What is the prejudice to the employer (including prejudice caused by the delay)?

  1. The Respondent submitted it suffered prejudice because of the delay, and it should not be put to bear the cost of defending an application which is clearly out of time.

  1. I find that, in the circumstances there would be no prejudice to the Respondent if an extension of time were to be granted. However, the mere absence of prejudice, significant or otherwise, is not necessarily a factor which weighs in favour of the Applicant for an extension of time. I consider this factor is a neutral consideration.

What are the merits of the Application?

  1. An application to extend time is essentially an interlocutory matter that does not allow for the merits to be fully tested. The merits are nonetheless a matter that the Commission is required to take into account in assessing whether there are exceptional circumstances.

  1. Having examined the materials, it is evident to me that the merits of the application turn on contested points of fact. It is well established that “it will not be appropriate for the Tribunal to resolve contested issues of fact going to the ultimate merits for the purposes of taking account of the matter in s.366(2)(d).”[6]

  1. It is not possible to make any firm or detailed assessment of the merits. The Applicant has an apparent case, to which the Respondent has an apparent defence. The merits of the Application are a neutral consideration.

Fairness as between the Applicant and other persons in a similar position

  1. Neither party brought to my attention any relevant matter concerning this consideration and I am unaware of any relevant matter. In relation to this factor, I therefore find that there is nothing for me to weigh in my assessment of whether there are exceptional circumstances.

Is the Commission satisfied that there are exceptional circumstances, taking into account the matters above?
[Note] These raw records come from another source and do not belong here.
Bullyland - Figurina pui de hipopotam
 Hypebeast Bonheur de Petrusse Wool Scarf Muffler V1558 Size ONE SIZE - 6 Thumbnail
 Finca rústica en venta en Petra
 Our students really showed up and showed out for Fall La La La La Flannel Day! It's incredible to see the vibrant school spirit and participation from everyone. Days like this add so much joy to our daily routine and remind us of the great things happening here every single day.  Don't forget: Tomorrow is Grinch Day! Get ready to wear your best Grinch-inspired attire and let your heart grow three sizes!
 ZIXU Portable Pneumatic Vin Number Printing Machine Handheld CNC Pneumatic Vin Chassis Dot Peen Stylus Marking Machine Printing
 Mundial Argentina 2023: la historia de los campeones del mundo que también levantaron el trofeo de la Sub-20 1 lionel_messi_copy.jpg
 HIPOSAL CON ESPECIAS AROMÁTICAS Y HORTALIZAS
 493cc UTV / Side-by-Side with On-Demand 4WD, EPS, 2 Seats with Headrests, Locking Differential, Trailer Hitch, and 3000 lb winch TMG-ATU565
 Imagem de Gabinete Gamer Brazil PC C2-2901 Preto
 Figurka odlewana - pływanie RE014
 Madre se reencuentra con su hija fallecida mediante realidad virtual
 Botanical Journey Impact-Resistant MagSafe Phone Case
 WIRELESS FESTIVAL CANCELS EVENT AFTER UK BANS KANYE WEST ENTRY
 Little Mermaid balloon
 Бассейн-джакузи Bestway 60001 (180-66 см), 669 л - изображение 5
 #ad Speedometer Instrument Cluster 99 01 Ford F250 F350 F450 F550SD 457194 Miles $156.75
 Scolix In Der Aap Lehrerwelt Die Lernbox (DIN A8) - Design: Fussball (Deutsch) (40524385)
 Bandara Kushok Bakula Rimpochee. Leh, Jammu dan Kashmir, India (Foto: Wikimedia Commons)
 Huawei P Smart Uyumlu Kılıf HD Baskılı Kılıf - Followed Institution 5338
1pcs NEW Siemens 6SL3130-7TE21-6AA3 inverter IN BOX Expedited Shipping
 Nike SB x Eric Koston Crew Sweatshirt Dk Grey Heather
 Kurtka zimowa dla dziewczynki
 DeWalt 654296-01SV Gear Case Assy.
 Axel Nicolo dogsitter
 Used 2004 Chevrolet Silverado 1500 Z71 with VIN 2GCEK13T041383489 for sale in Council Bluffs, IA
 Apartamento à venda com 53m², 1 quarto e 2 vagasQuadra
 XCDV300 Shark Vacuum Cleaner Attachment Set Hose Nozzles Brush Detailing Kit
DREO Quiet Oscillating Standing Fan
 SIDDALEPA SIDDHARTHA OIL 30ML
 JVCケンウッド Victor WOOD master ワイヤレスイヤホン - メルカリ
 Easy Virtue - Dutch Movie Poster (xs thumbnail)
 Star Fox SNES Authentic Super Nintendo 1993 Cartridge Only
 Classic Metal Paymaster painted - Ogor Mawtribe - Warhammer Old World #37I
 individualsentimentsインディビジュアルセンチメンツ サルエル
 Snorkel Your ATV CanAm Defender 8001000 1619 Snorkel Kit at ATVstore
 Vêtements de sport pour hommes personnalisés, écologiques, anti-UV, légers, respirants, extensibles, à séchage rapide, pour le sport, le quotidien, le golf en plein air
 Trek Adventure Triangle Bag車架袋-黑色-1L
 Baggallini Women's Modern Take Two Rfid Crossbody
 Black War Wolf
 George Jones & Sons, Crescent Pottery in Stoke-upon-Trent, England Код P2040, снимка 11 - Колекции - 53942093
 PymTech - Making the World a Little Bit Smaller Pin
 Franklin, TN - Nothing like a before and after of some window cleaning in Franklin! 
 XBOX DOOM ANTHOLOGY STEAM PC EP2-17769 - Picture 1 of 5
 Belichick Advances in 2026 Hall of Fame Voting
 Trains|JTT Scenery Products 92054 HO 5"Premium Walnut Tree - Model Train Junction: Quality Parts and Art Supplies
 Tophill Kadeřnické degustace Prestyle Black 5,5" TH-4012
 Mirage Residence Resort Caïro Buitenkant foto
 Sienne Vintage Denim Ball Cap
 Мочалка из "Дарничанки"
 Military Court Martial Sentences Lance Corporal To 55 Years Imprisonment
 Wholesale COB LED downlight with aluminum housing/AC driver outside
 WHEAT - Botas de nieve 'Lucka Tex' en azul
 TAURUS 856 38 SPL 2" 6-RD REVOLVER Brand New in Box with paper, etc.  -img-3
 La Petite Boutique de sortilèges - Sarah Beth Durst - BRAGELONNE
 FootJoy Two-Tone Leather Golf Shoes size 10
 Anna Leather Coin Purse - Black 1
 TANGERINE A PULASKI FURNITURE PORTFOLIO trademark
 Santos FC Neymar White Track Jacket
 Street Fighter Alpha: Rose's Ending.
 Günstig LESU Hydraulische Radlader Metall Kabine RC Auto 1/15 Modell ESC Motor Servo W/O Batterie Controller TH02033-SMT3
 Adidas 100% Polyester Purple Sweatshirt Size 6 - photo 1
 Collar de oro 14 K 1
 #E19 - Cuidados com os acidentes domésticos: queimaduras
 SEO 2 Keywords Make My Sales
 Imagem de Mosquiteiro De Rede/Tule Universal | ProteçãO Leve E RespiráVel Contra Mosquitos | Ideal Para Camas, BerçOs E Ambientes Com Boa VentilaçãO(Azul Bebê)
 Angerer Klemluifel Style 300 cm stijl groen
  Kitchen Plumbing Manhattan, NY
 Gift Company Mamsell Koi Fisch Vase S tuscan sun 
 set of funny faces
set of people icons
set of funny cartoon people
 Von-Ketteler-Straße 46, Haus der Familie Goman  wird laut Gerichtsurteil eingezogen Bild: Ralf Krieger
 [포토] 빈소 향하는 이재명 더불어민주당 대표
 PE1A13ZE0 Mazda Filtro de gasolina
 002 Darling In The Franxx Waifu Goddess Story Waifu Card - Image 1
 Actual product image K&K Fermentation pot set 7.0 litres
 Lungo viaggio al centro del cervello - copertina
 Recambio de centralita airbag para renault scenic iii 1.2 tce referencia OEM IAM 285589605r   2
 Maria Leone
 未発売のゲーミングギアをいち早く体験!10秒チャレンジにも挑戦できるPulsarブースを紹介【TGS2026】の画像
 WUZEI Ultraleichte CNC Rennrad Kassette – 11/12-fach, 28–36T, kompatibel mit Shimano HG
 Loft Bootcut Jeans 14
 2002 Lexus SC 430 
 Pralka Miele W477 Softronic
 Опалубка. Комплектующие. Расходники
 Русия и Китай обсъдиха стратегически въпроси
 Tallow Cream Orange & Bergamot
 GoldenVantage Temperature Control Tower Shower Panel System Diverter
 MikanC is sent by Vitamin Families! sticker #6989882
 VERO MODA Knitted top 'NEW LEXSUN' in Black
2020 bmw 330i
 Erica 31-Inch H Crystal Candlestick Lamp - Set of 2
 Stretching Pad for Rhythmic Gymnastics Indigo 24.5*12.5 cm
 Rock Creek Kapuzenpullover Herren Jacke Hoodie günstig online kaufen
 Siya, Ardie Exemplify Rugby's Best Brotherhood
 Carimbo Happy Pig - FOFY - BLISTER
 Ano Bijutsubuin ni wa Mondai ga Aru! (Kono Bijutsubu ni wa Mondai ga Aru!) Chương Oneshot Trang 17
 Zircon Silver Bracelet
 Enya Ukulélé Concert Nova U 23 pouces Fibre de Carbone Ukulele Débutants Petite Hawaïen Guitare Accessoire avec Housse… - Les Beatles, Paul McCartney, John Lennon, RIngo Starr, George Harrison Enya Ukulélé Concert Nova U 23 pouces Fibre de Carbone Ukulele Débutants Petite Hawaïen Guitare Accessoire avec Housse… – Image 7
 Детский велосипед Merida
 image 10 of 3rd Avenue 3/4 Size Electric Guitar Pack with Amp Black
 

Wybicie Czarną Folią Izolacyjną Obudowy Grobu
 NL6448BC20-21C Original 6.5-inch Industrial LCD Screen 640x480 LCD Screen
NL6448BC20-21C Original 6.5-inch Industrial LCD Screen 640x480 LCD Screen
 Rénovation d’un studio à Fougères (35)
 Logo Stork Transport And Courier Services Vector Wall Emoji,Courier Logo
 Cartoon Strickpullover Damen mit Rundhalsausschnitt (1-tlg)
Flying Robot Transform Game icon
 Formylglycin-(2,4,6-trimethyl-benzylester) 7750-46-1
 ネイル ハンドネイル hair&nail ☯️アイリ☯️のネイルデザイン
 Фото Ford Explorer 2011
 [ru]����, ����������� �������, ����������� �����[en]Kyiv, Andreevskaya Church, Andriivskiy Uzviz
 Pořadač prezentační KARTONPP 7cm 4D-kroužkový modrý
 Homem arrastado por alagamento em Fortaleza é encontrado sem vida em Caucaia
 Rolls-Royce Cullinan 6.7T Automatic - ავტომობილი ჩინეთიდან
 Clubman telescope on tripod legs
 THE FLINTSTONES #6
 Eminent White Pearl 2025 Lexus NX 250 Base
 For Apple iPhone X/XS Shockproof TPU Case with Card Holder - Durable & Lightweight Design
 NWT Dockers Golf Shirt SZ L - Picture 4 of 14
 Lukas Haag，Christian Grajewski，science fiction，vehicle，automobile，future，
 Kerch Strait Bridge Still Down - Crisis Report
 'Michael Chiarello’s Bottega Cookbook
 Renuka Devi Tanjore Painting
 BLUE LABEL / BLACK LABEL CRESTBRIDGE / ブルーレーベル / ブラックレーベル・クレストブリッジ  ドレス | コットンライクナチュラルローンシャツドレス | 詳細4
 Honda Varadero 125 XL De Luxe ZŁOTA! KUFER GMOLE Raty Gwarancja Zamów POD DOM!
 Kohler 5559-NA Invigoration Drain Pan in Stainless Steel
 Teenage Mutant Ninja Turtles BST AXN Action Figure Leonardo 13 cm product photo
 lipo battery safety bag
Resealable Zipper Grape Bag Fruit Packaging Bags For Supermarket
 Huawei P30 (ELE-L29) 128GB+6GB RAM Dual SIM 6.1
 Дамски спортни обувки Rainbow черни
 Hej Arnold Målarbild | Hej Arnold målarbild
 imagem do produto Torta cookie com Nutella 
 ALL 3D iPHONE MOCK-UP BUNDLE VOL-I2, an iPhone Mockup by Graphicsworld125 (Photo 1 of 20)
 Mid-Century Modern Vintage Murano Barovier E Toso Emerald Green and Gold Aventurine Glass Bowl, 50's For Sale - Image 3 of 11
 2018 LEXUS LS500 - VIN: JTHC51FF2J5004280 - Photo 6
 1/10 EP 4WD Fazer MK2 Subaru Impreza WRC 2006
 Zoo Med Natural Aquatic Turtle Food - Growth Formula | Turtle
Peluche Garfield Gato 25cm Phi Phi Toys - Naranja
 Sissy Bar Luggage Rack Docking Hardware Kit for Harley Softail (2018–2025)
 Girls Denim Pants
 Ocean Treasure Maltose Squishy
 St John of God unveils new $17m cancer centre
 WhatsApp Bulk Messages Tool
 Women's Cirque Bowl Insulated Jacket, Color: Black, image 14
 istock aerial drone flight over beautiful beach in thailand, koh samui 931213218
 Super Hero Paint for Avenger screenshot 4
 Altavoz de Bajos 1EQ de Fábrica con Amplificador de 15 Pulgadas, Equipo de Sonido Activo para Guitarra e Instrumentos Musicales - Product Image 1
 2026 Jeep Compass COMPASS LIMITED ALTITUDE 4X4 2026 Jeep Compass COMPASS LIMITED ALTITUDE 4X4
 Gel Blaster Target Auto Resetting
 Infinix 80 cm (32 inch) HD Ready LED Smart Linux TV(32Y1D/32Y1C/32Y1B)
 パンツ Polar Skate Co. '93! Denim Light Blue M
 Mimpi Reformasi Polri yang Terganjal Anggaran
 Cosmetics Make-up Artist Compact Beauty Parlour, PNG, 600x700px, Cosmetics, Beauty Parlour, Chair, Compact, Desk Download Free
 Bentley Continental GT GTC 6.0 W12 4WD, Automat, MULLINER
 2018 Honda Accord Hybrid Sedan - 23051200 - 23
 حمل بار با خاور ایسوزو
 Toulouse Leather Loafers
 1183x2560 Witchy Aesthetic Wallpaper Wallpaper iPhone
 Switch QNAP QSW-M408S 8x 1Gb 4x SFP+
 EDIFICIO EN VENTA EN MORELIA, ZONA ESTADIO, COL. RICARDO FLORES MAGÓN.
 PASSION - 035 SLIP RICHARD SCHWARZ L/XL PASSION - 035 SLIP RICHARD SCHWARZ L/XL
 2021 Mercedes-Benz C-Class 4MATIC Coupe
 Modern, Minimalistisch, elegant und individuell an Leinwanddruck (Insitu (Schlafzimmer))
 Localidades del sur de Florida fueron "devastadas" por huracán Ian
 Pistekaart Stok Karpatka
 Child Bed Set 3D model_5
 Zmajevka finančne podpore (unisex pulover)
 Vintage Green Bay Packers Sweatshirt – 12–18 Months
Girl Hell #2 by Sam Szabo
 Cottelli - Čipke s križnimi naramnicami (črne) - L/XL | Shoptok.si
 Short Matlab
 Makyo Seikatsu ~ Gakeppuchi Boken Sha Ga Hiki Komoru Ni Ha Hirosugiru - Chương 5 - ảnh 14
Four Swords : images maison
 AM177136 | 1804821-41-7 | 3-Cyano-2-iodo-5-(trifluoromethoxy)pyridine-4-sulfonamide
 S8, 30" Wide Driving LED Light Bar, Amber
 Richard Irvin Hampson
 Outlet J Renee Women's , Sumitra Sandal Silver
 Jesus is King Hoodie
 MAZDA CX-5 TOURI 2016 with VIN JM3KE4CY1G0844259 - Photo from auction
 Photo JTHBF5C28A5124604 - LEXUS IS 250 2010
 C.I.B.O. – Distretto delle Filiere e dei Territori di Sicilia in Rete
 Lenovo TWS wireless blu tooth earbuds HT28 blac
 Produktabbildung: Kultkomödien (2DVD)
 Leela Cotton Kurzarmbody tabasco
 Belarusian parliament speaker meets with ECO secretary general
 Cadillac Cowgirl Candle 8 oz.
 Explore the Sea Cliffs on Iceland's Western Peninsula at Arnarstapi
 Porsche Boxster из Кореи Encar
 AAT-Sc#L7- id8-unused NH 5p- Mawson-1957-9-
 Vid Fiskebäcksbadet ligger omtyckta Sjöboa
  1. I must now consider whether I am satisfied that there are exceptional circumstances, taking into account my findings regarding each of the matters referred to above.

  1. Briefly, exceptional circumstances are circumstances that are out of the ordinary course, unusual, special or uncommon but the circumstances themselves do not need to be unique nor unprecedented, nor even very rare.[7] Exceptional circumstances may include a single exceptional matter, a combination of exceptional factors, or a combination of ordinary factors which, although individually of no particular significance, when taken together can be considered exceptional.[8]

  1. It is clear that the factors that have been accorded any weight in this matter, being the absence of an acceptable reason for the delay and failure to take action to dispute the dismissal, are both factors that weigh in the Respondent’s favour.

  1. Having regard to all of the matters listed at s.366(2) of the Act, I am satisfied that there are not exceptional circumstances.

Conclusion

  1. Not being satisfied that there are exceptional circumstances, there is no basis to allow an extension of time. The Applicant’s Application for the Commission to deal with a dismissal dispute is therefore dismissed.

DEPUTY PRESIDENT

Appearances:

Mr G Nanda, on his own behalf.
Ms E Delpiano, of the HSU.

Hearing details:

2022.
December 20.
Sydney (via videoconference).


[1] Singh v Trimatic Management Services Pty Ltd [2020] FWCFB 553, [10]. See also Acts Interpretation Act 1901 (Cth) s 36(1) as in force on 25 June 2009; Fair Work Act 2009 (Cth) s 40A.

[2] Stogiannidis v Victorian Frozen Foods Distributors Pty Ltd[2018] FWCFB 901, [39].

[3] Shaw v Australia and New Zealand Banking Group Ltd[2015] FWCFB 287, [12] (Watson VP and Smith DP).

[4] Stogiannidis v Victorian Frozen Foods Distributors Pty Ltd[2018] FWCFB 901, [39].

[5] Stogiannidis v Victorian Frozen Foods Distributors Pty Ltd[2018] FWCFB 901, [40].

[6] Nulty v Blue Star Group Pty Ltd[2011] FWAFB 975, [36].

[7] Nulty v Blue Star Group Pty Ltd[2011] FWAFB 975, [13].

[8] Nulty v Blue Star Group Pty Ltd[2011] FWAFB 975, [13].